Can it be prime? #4

{ n }^{ 4 }+4={ n }^{ 4 }+4{ n }^{ 2 }+4-4{ n }^{ 2 }={ ({ n }^{ 2 } }+2)^{ 2 }-{ (2n) }^{ 2 }=({ n }^{ 2 }-2n+2)({ n }^{ 2 }+2n+2)=p(p\quad is\quad prime)\\ If\quad \quad { n }^{ 2 }-2n+2=1,{ n }^{ 2 }+2n+2=p,\gg \quad n=1\quad and\quad p=5\quad ,so\quad this\quad is\quad a\quad solution\\ If\quad { n }^{ 2 }-2n+2=p,\quad { n }^{ 2 }+2n+2=1\gg n=-1\quad and\quad p=5,so\quad this\quad is\quad a\quad solution\\ If\quad { n }^{ 2 }-2n+2=-1\quad ,{ n }^{ 2 }+2n+2=-p\gg n\quad is\quad not\quad real\\ If\quad { n }^{ 2 }-2n+2=-p,\quad { n }^{ 2 }+2n+2=-1\gg n\quad is\quad not\quad real\\ So\quad the\quad solutions\quad are\quad n=1\quad and\quad n=-1,\quad so\quad the\quad answer\quad is\quad \boxed { 2 } .
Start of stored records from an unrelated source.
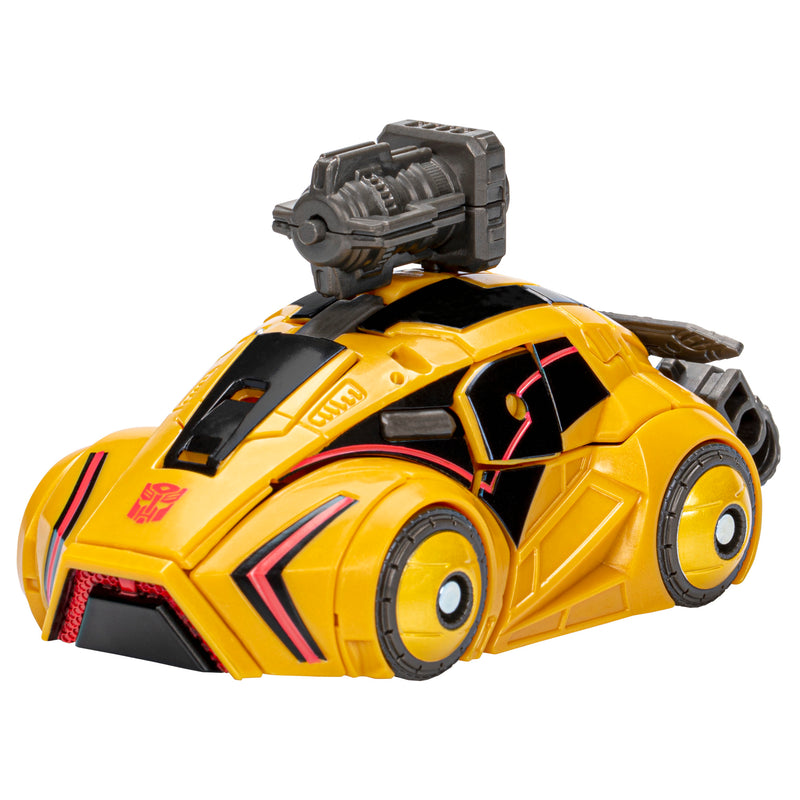 Load image into Gallery viewer, Transformers Generations Studio Series - Gamer Edition Deluxe Bumblebee 01
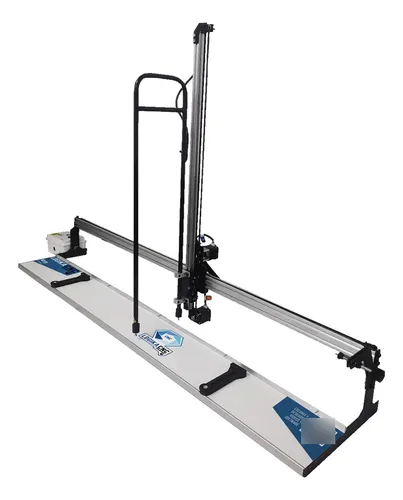 Maquina Cnc Para Polyfan Y Telgopor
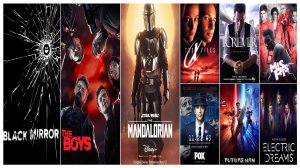 Лучшие фантастические сериалы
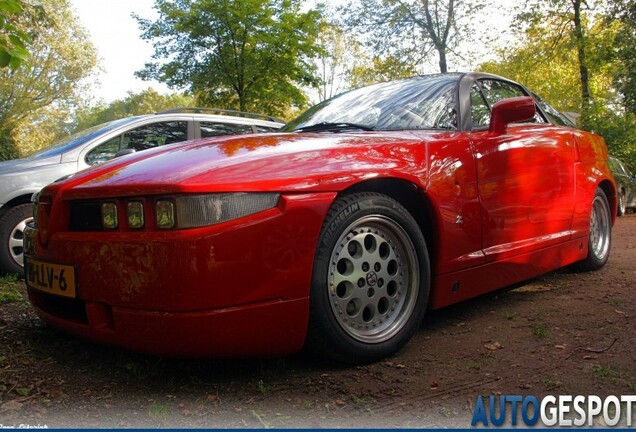 Alfa Romeo SZ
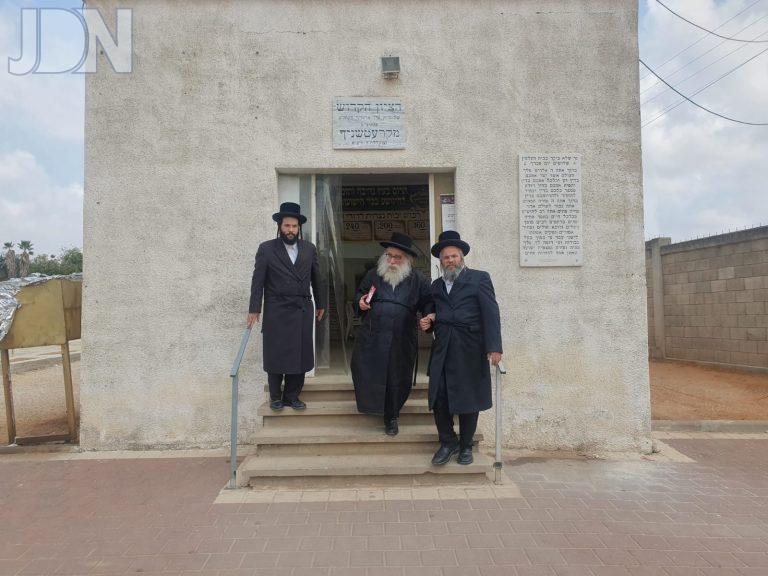 גאב''ד מאקאווא ברחובות (3)
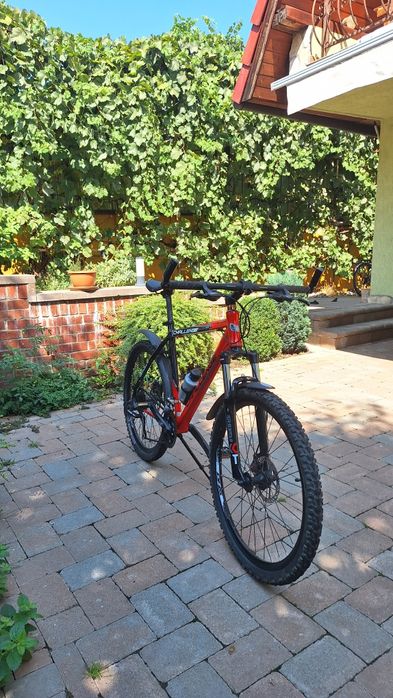 Bicicleta mtb Challenge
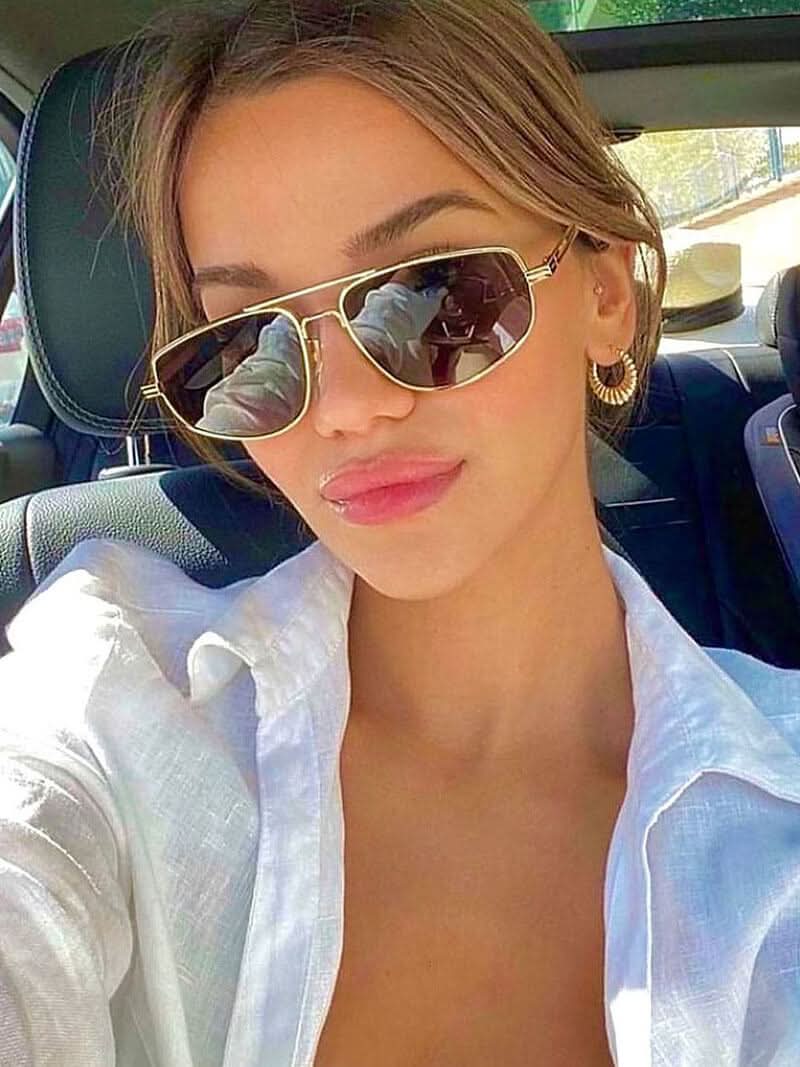 Stilvolle Sonnenbrille für jeden Anlass – Produktansicht 3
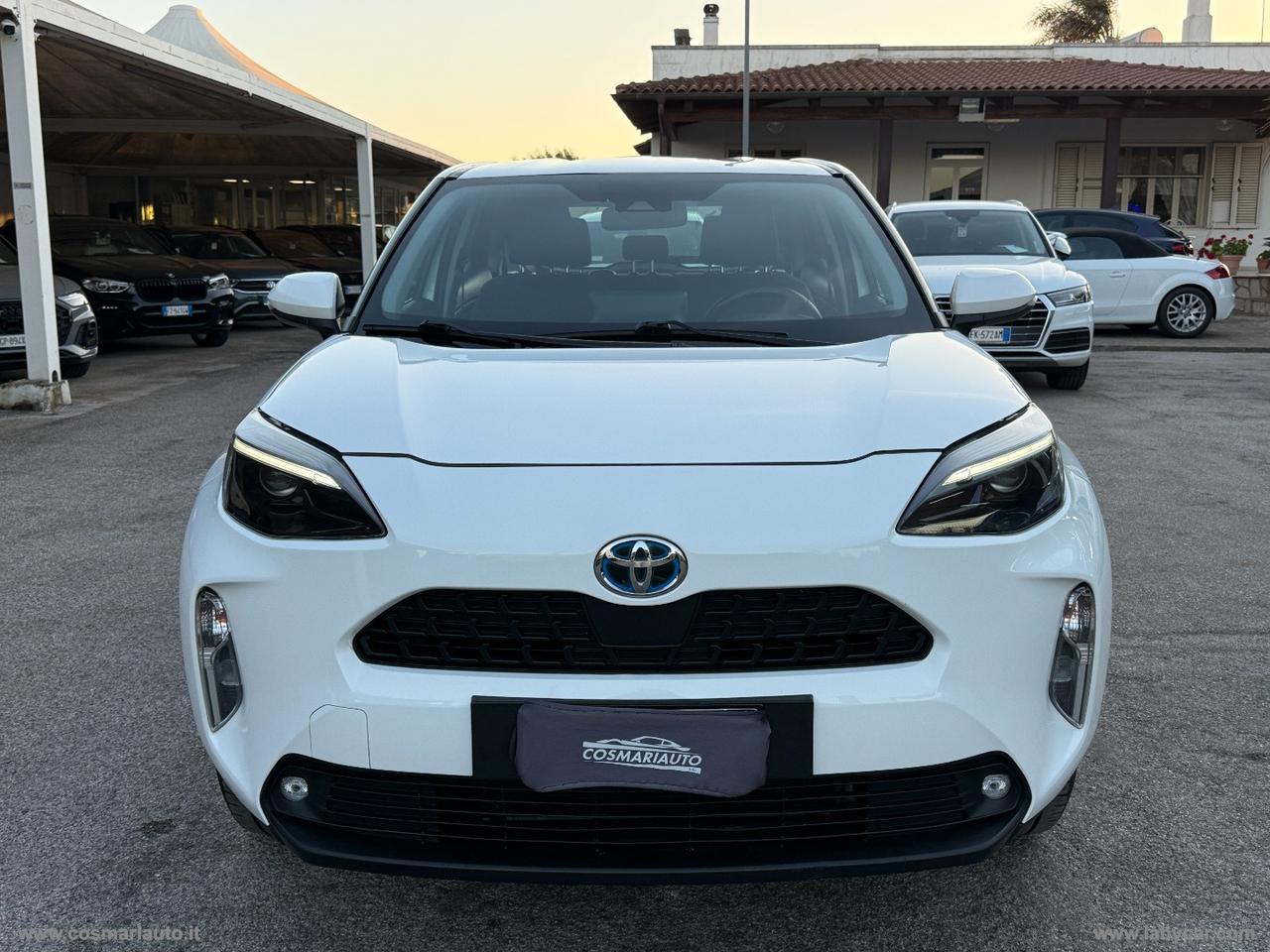TOYOTA Yaris Cross 1.5 Hybrid 5p. E-CVT Active
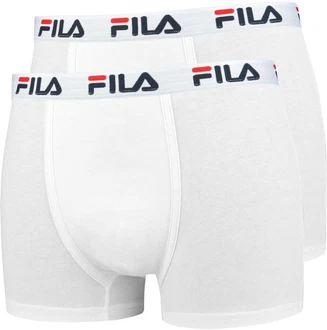 FILA Herren Boxer Shorts 2er Pack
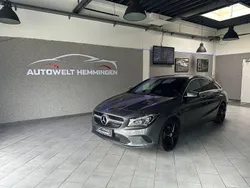 Grau Gebraucht 2016 Mercedes CLA200 Limousine | 17.999 € (Fairer Preis)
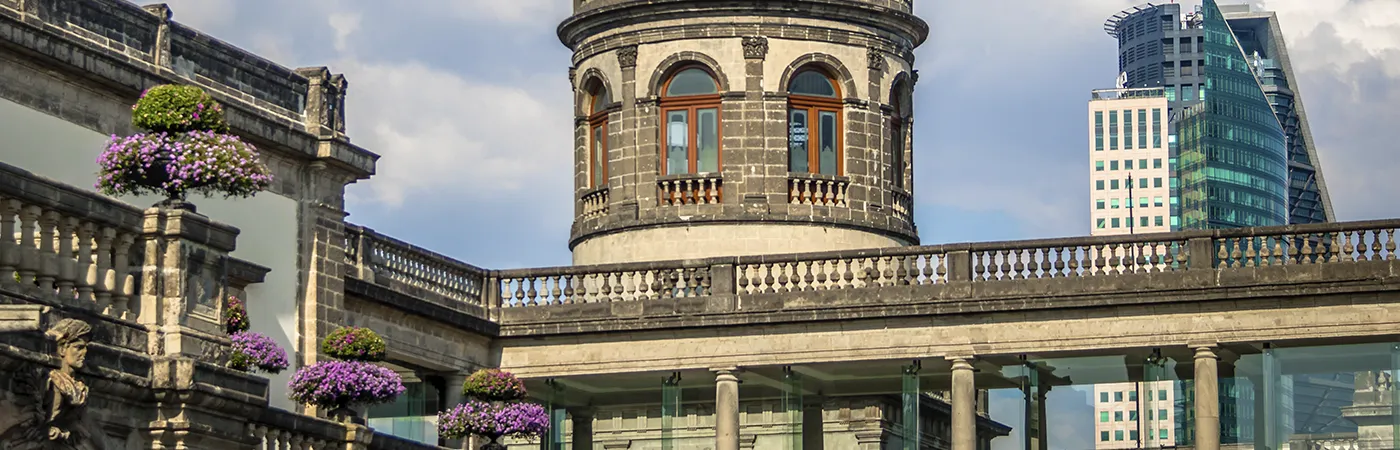 Las banderas de House of the Dragon ondean en el Castillo de Chapultepec gracias a la IA (y las autoridades mexicanas responden)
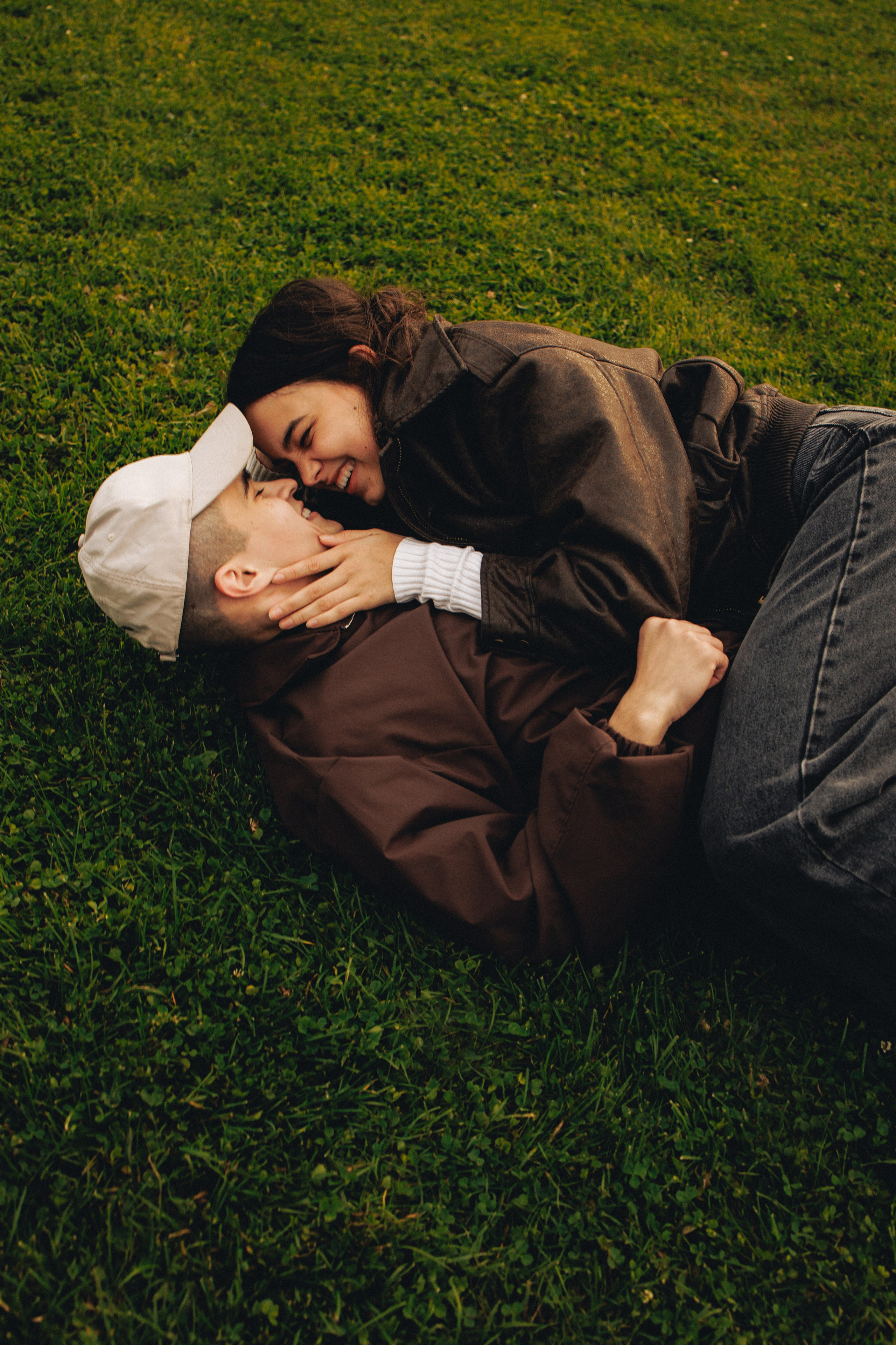 Александра и Ярослав. Фотограф в Санкт-Петербурге Анжелика Крамская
$n^4 +4 =(n^2)^2 +2^2 =(n^2 +2)^2 -2(2)(n^2)=(n^2 +2)^2 -(2n)^2$ we know $a^2 -b^2 =(a+b)(a-b)$ $(n^2 +2)^2 -(2n)^2= (n^2 -2n+2)(n^2 +2n+2)$ notice that if either one is $\ne 1,-1$ than cant be a prime( only to integers) , so $n^2 -2n +2 =1, n=\dfrac{2 \pm \sqrt{4-4}}{2} =1$ now, $n^2 +2n+2=5$ , if $n=1$ , which is a prime, $n^2 +2n+2=1, n= \dfrac{-2 \pm \sqrt{4-4}}{2}=-1$ now $n^2 -2n+2=5$ if $n=-1$ , these are the only solutions since these are the only 2 with $1 \times prime$ , $n^2 -2n+2=-1,n^2 +2n+2=-1$ are complex, and therefore are rejected.

We can use Sophie-Germain identity $n^4+4r^4$ where $r=1$ . The rest you know how solve it!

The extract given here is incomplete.